Stack excerpts (trimmed)

Unhandled FileNotFoundError path:

FileNotFoundError: https://allnewsrecorder.com/.../Diplomatic-efforts-additionally-failed-the-method-of-returning-Pakistanis-stranded-in-Dubai-started.jpg
ray.data.exceptions.SystemException

ray.exceptions.RayTaskError(FileNotFoundError): ray::Download(url)()
  ...
  File ".../ray/data/_internal/planner/plan_download_op.py", line 192, in load_uri_bytes
    with fs.open_input_file(uri_path) as f:
  ...
  File "/home/ray/anaconda3/lib/python3.12/site-packages/pyarrow/fs.py", line 419, in open_input_file
    raise FileNotFoundError(path)
FileNotFoundError: http://www.ukbikefactory.com/.../frog-69-red.jpg
(Download(url) ...) Caught exception in transforming worker! [repeated ...]

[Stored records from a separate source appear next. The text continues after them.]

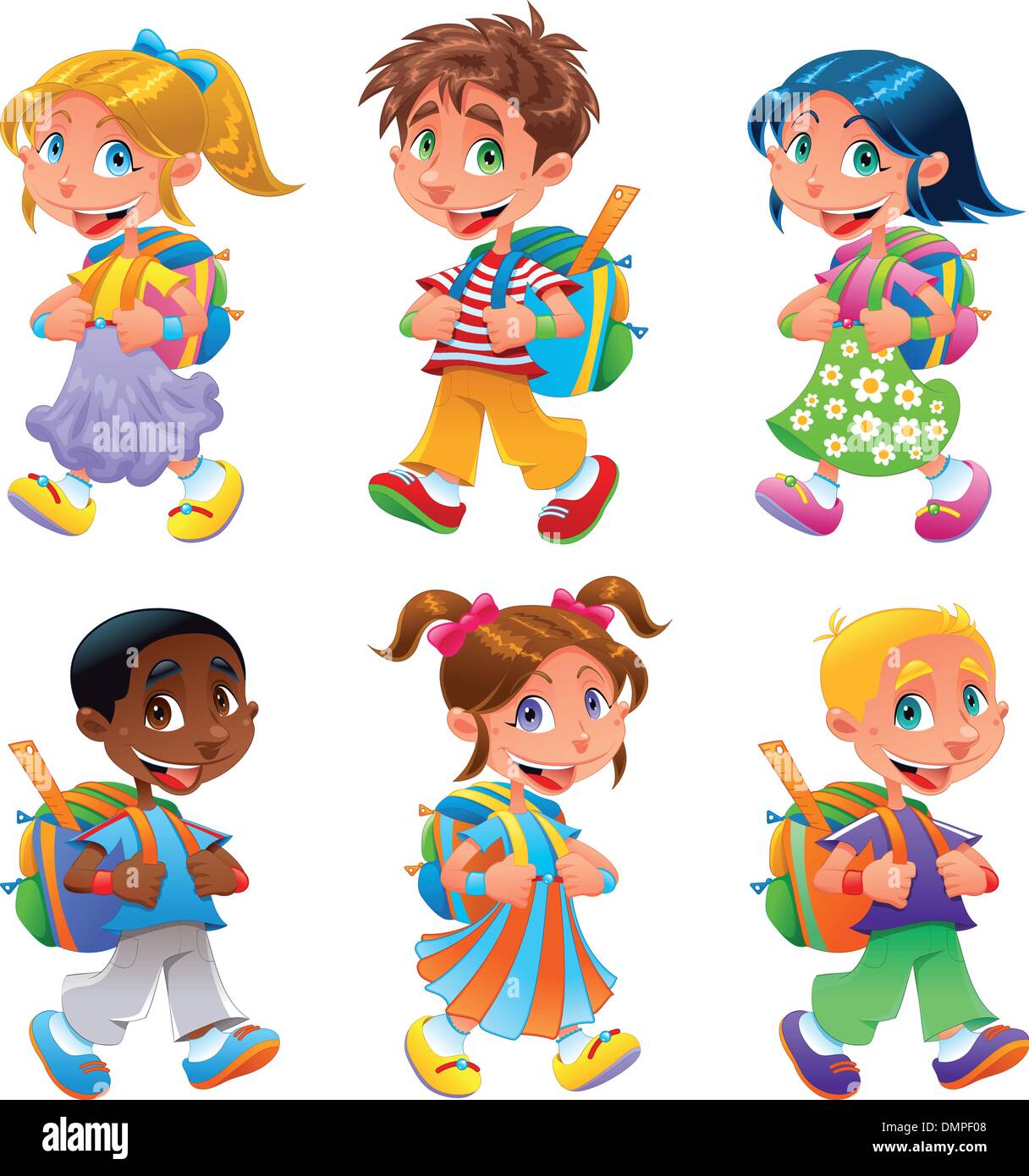 Boys and girls go to school Stock Vector Image & Art - Alamy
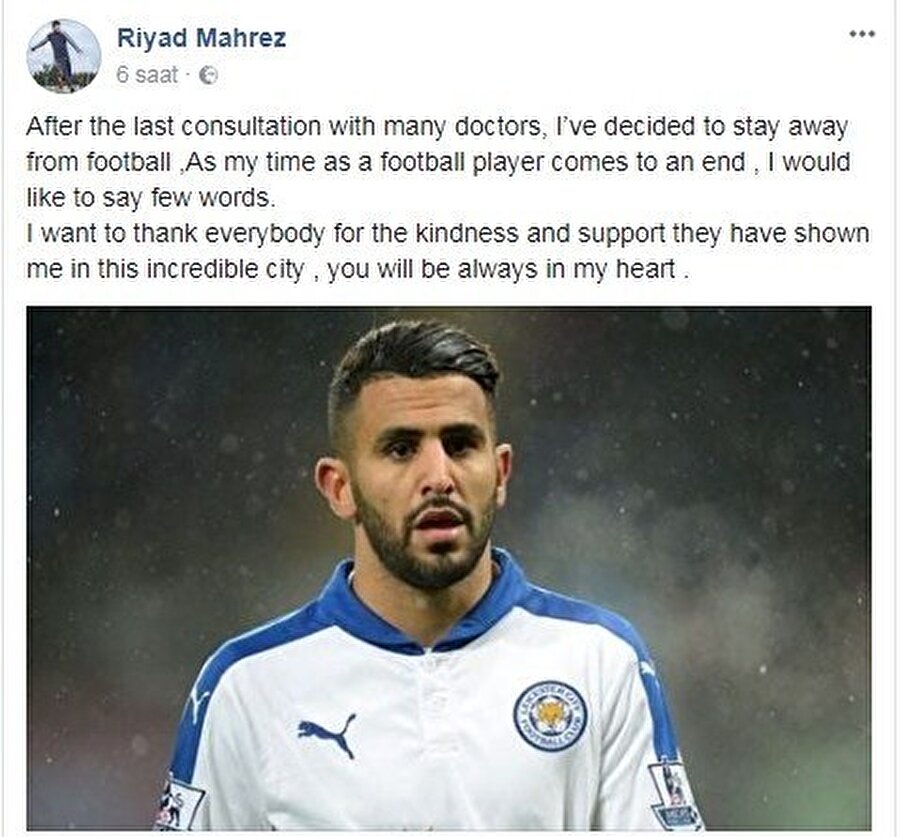 Mahrez'in Facebook hesabından yapılan açıklama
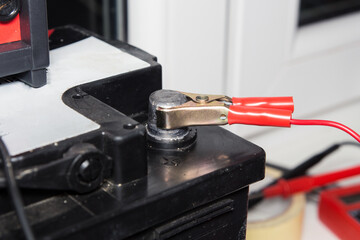 car battery charging, terminals and wires for charging the battery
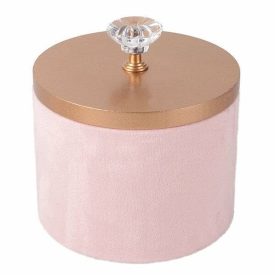 Ékszertartó doboz rózsaszín plüss 11*11 cm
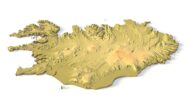 Isometric view of Iceland’s 3D terrain STL map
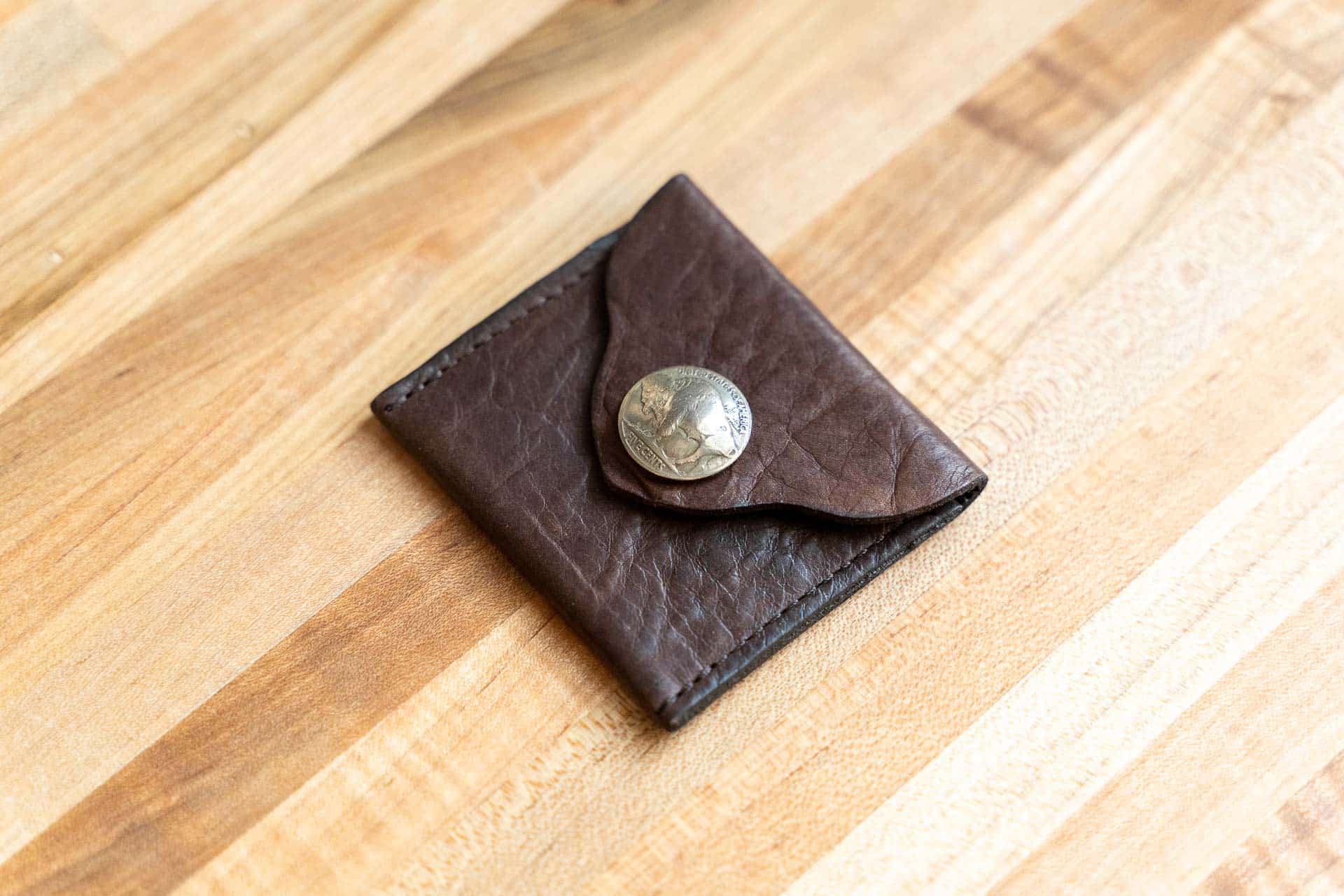 Small Leather Coin Purse - Brown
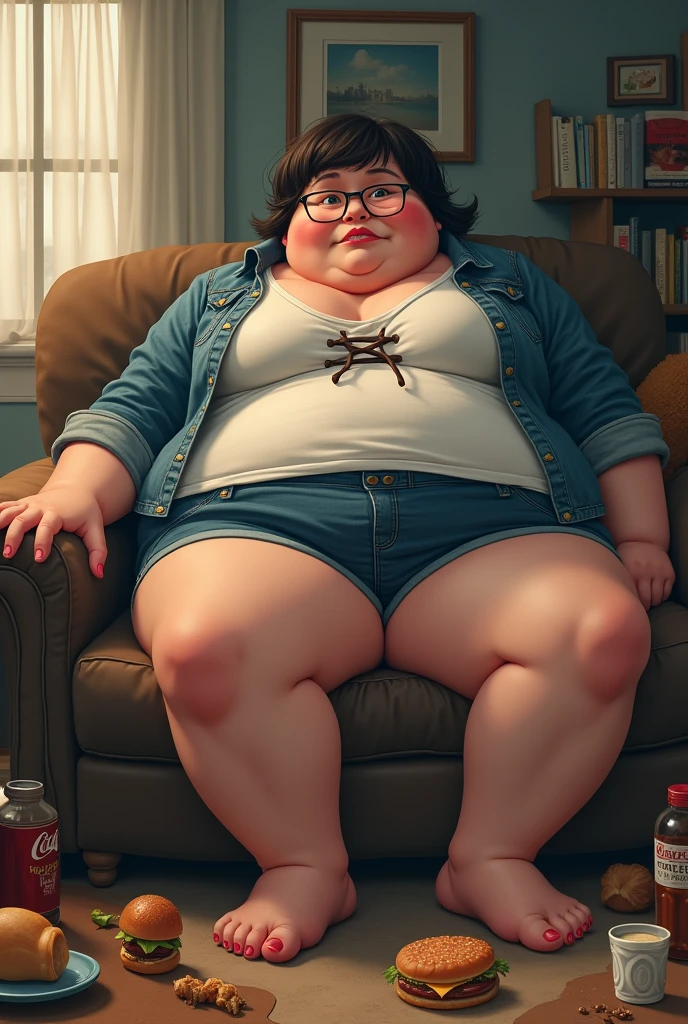 (flat:1.5),(cafe, window, sunlight, table, chair, sedentary:1.5) (big ass, thick thighs:0.7), (warm light source:1.2), intricate details, volumetric lighting, Realism BREAK(masterpiece:1.2), (top quality), 4K, ultra detail, (Dynamic configuration:1.4), Very detailed and colorful details,(rainbow colors:1.2), (shining lights, atmospheric lighting), dreamy, magical, (alone:1.2), intricate details, cheeky expression, (big breasts:1.5), (green eyes:1.5), (a devastated expression, dead eyes, dark atmosphere:1.5), (Green long hair:1.5), (shoes, buttoned dress shirt, Small hat,Small and tight denim shorts:1.5), ( Belly Fat, thick thighs,thick ass:1.5), (beautiful eyes, flushing:1.5),(human ear,thin legs:1.5),(chair에 sedentary, diagonal shot:1.5), (embarrassing:1.5),(diagonal shot:1.5)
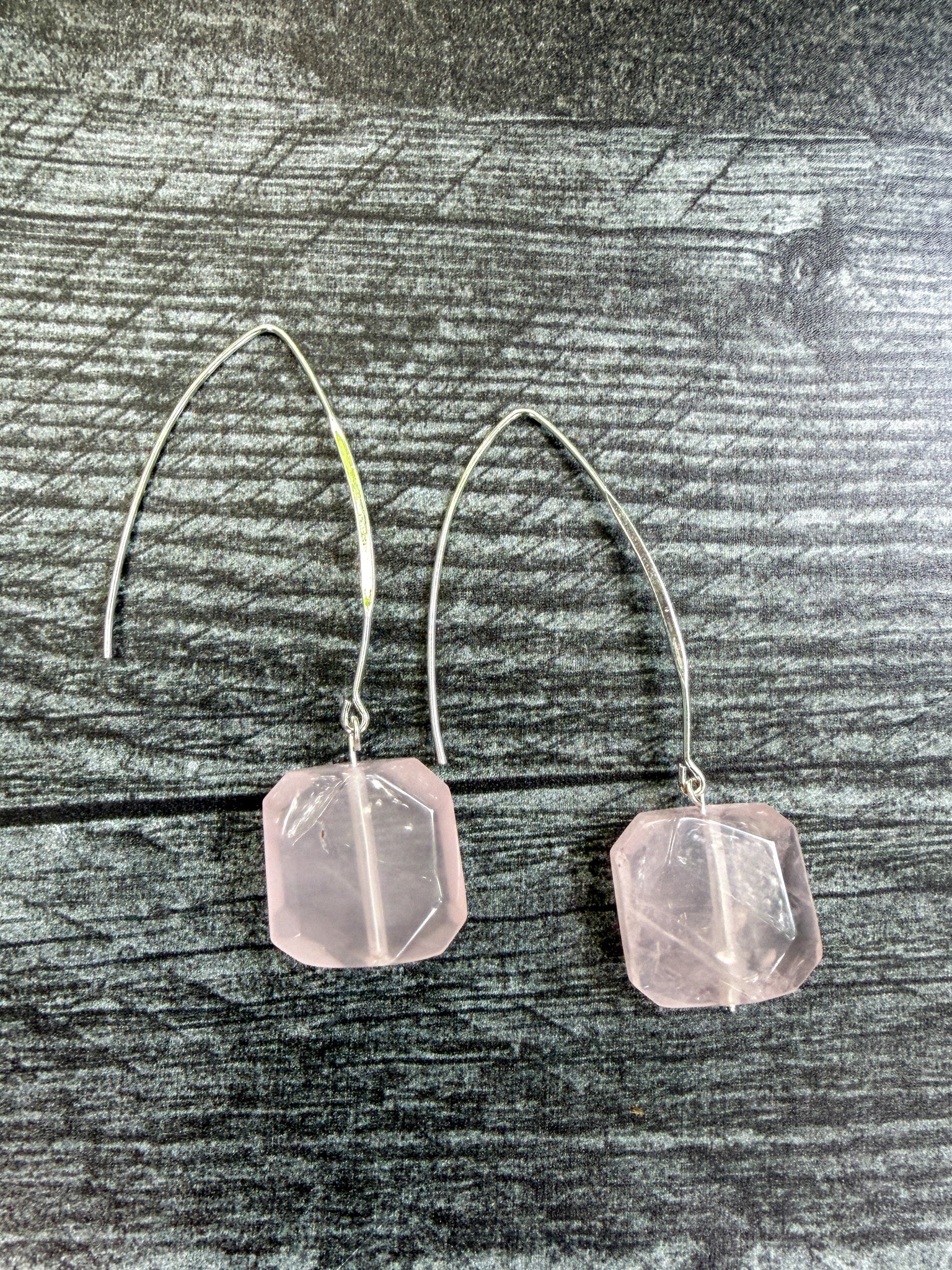 Handcrafted Rose Quartz earrings with faceted octagon natural gemstones on stainless steel elongated ear wires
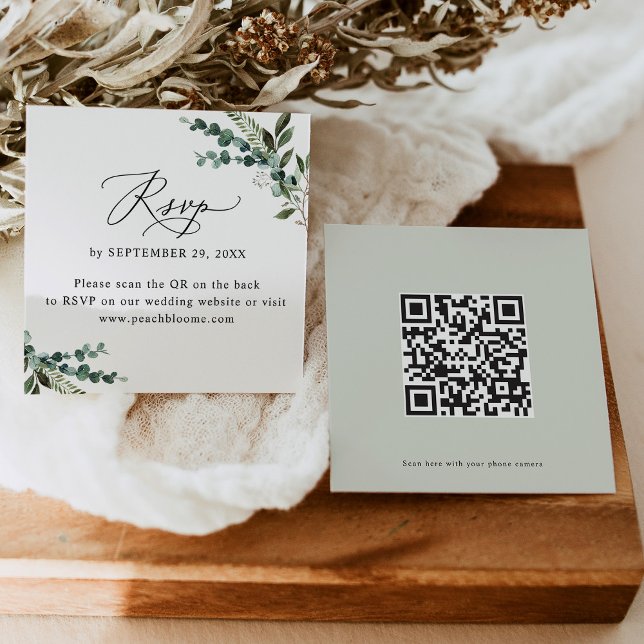 De Visite Carré QR Code Minimal Rustique Vert Mariage Carte Rsvp (Créateur téléchargé)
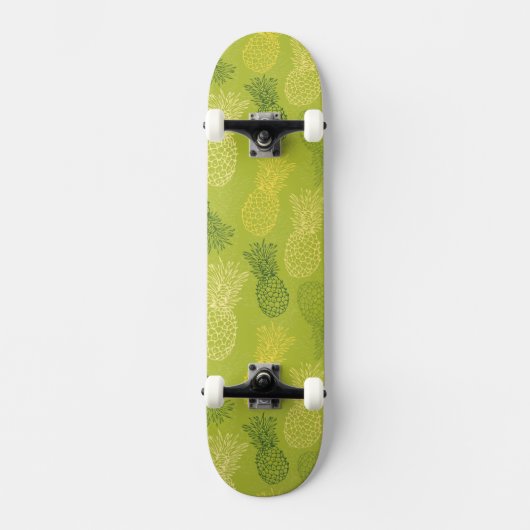 Het Patroon van het Overzicht van ananas op Groen Skateboard (Voorkant)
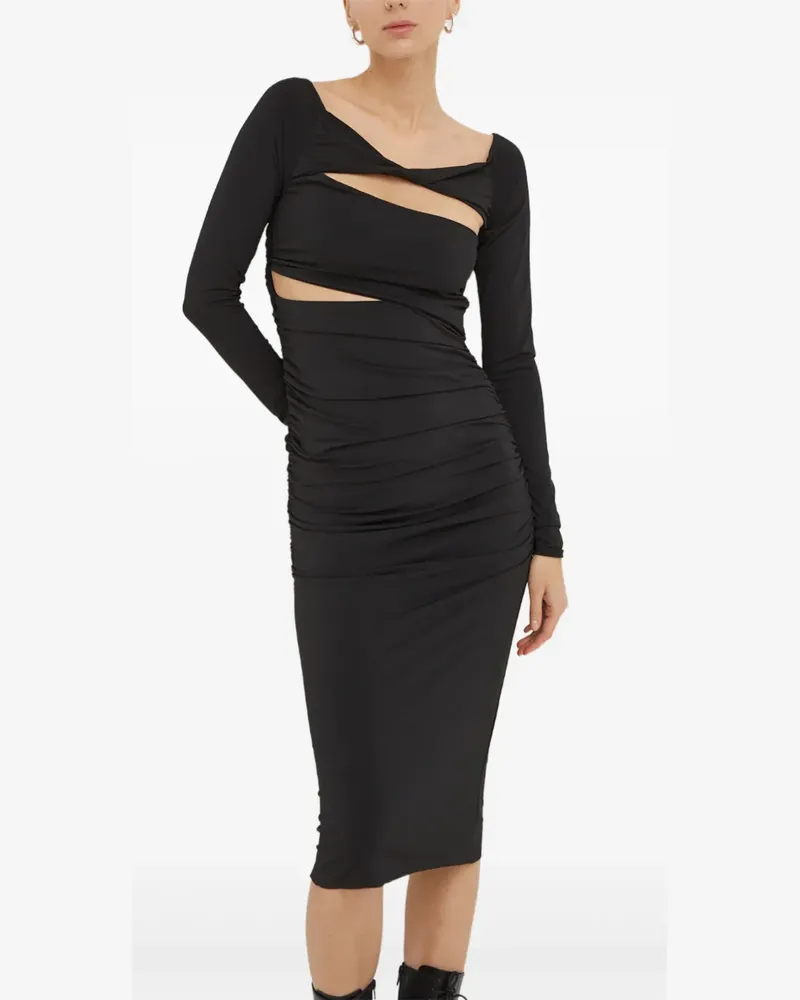 Day Birger et Mikkelsen Gerafftes Varga Midikleid mit Cut-Out - Schwarz Schwarz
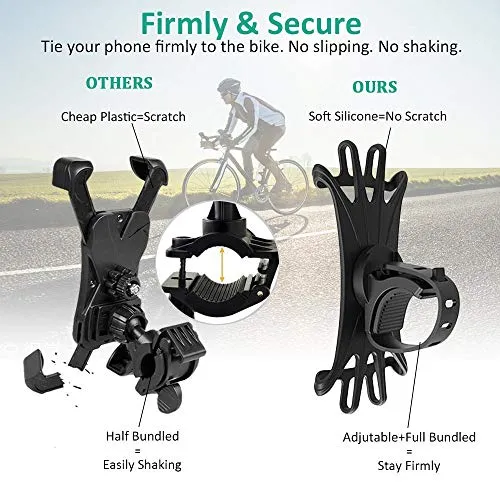 Tarkan Universal Bike Mount Silicone Mobile Holder, 360° Rotating Handlebar Stand for Bicycle, Motorcycle, Scooty Fits All Smartphones (Black)
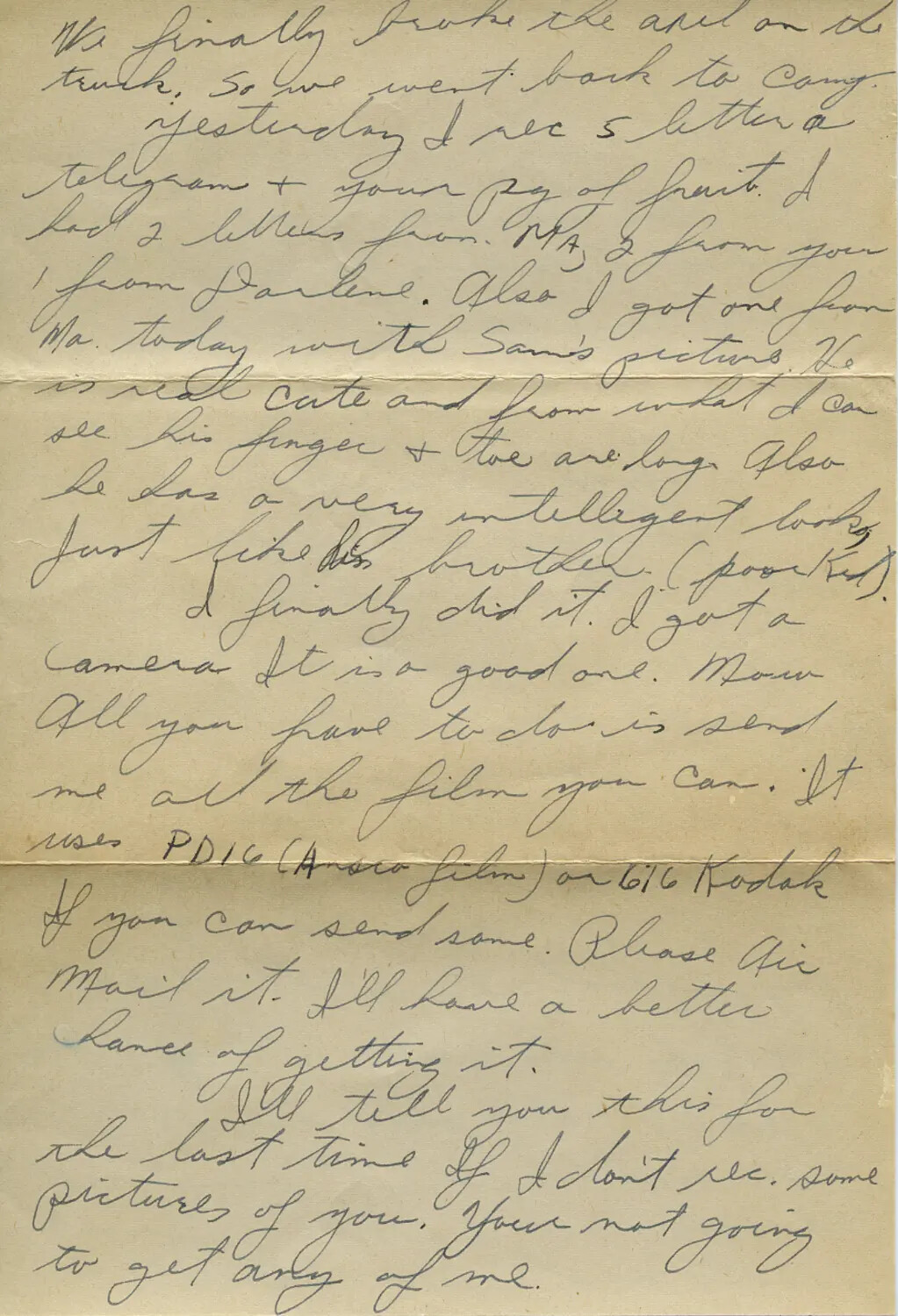 Handwritten WWII Letter, Moon Family Correspondence Collection, Page 301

ZeroDivisionError path when all rows in a block/partition fail:

ray.exceptions.RayTaskError(ZeroDivisionError): ray::MapWorker(Partition(url)).submit()
  ...
  File ".../ray/data/_internal/planner/plan_download_op.py", line 251, in __call__
    self._batch_size_estimate = self._estimate_nrows_per_partition(block)
  File ".../ray/data/_internal/planner/plan_download_op.py", line 281, in _estimate_nrows_per_partition
    avg_nbytes_per_row = sum(row_sizes) / len(row_sizes)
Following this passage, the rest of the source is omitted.